Simple algorithm for a simple balancing problem

Question

I have three buckets. They do not contain the same amount of water and they can contain up to 50 liters each.

Now I want to add more water to the buckets. This amount may vary from time to time, and might also be more than 50 x 3 liters. My goal is to fill the buckets with the new water so they have about an equal amount in each of the buckets - as close to equal as possible, but it's not a criterion. And also without exceeding the upper limit of 50.

Is there a simple and easy-to-read algorithm that would balance (as much as possible) the amount of water in the buckets?

• I always know how much water there already is in each bucket.
• I always know how much new water I get.
• Water already in buckets cannot be touched
• Equal water level is not a criterion, but further from the limits is desirable

Answer 1

Yes, there is a simple algorithm as follows:

1. Sort the buckets by the amount of water. Let's call them a, b, c sorted none-decreasing.
2. The total amount of water that you need to balance them is (c - b) + (c - a) = 2*c - b - a. Let's call the needed amount t.
3. If the available water is less than t, it is not possible to balance the buckets.
4. Otherwise, add c - b to b and c - a to a.

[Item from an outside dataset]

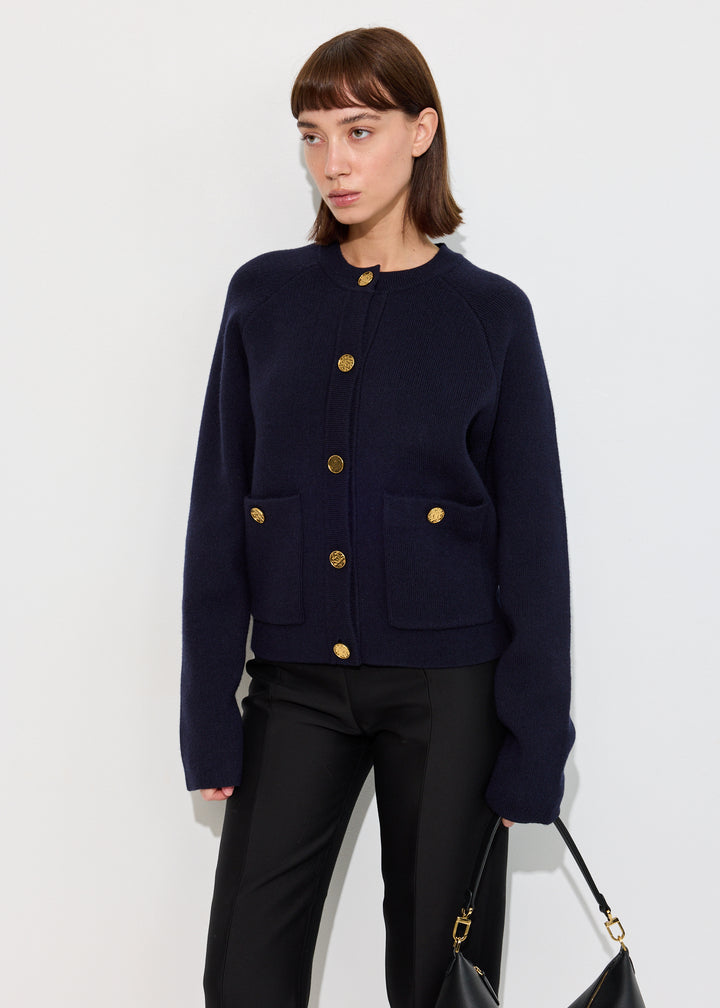 Hammered Button Cardigan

Update based on the new contraints in the edit:

If you have enough water to bring the amount of water in the lesser filled buckets to the level of the more full bucket, the previous algorithm works just fine.

But in case there isn't enough water available to make all three equal (note that this can be calculated up front as described above), first fill the bucket with the smallest amount of water up until it is equal to the middle one. Then divide the remaining amount of available water and distribute it equally between the two buckets that are equal but have less water than the other.

The intuition is this: When you add to the smallest bucket up until you reach the middle one, you are decreasing the absolute difference between the three by 2 for each added liter. That's because the smallest is approaching the middle and the largest one.

Example:

a, b, c = 5, 3, 1
available_water = 4
difference = (5 - 3) + (5 - 1) + (3 - 1) = 8

add 2 to the smallest:
a, b, c = 5, 3, 3
available_water = 2
difference = (5 - 3) + (5 - 3) + (3 - 3) = 4
Note that we reduced the difference by 2 times the amount of used water

add 1 to each of the smaller buckets:
a, b, c = 5, 4, 4
available_water = 0
difference = (5 - 4) + (5 - 4) = 2

Now if we didn't follow this algorithm and just arbitrary used the water:

add 2 to the middle bucket:
a, b, c = 5, 5, 1
available_water = 2
difference = (5 - 5) + (5 - 1) + (5 - 1) = 8

add 2 to the smallest one:
a, b, c = 5, 5, 3
available_water = 0
difference = (5 - 5) + (5 - 3) + (5 - 3) = 4